LeDuff: Michigan's GOP convention -- the white country club set v. the working-class whites

April 28, 2022, 10:00 PM by  Charlie LeDuff

The GOP convention at DeVos Place in Grand Rapids

GRAND RAPIDS -- Republicans are a strange group these days -- the country club versus the Elks Club.

White people may be the most self-segregating group in America. Working-class whites don't much like rich whites and vice versa. Never have. And yet here they all are in the same convention hall in Grand Rapids, trying to agree on which candidates to endorse for November.

The grocery store gentry, the self-important politician, the preening lawyer, the social skeleton and the brown-loafered political operative scheming in the corner.
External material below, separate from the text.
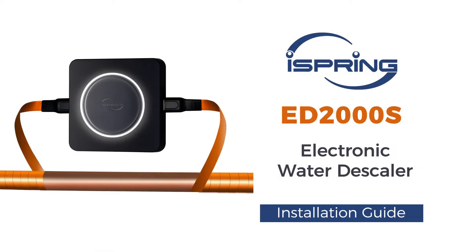Thank you for choosing the iSpring ED2000S Electronic Water Descaler. This video will show you how to install the water descaler properly.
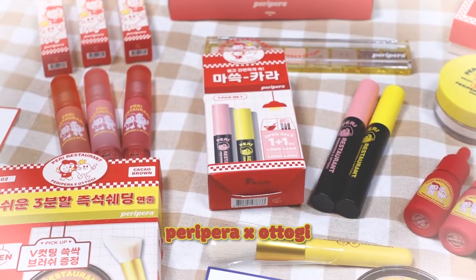So this time Peripera collaborated with Otookie. And the packaging, you guys, it's so pretty. This video will be a makeup tutorial using this Peripera collection, and I will explain what products I'll be using. So let's start the makeup tutorial, let's go.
Juxtaposed to them is the self-sufficient loon, the precinct delegate stoned on high-grade cannabis, the cow farmer who smells of Old Spice and a suburban insurance adjuster in khaki and heels.

The aristocratic Republicans have always known that they don't have the political numbers, so they spend millions to shape the working man's mind. They've convinced him that things are against his interests are good for him. War. China. Wall Street.

But now the working-class whites have figured the game. It's their party now. And the rich boys have to play along.

How amusing it is watching two men in blazers admire each other's Florida tans until a guy with bad teeth and a red hat shouts: “I used to be a Democrat!” And the tan guys is tan belts and caramel colored wing-tips laugh at that one, until the red hat guy goes off to vote against them.

“Jesus,” says one. “We're in fucking trouble.”

Mike Lindell, aka "My Pillow Guy," made the scene.

The fancy guys worry about men like this. Their grievances are real and deep and much of it caused by the fancy people. The fancy people worry the working mob are on the edge of a sustained and possibly violent revolt. He bemoans that the working mob has hijacked his party.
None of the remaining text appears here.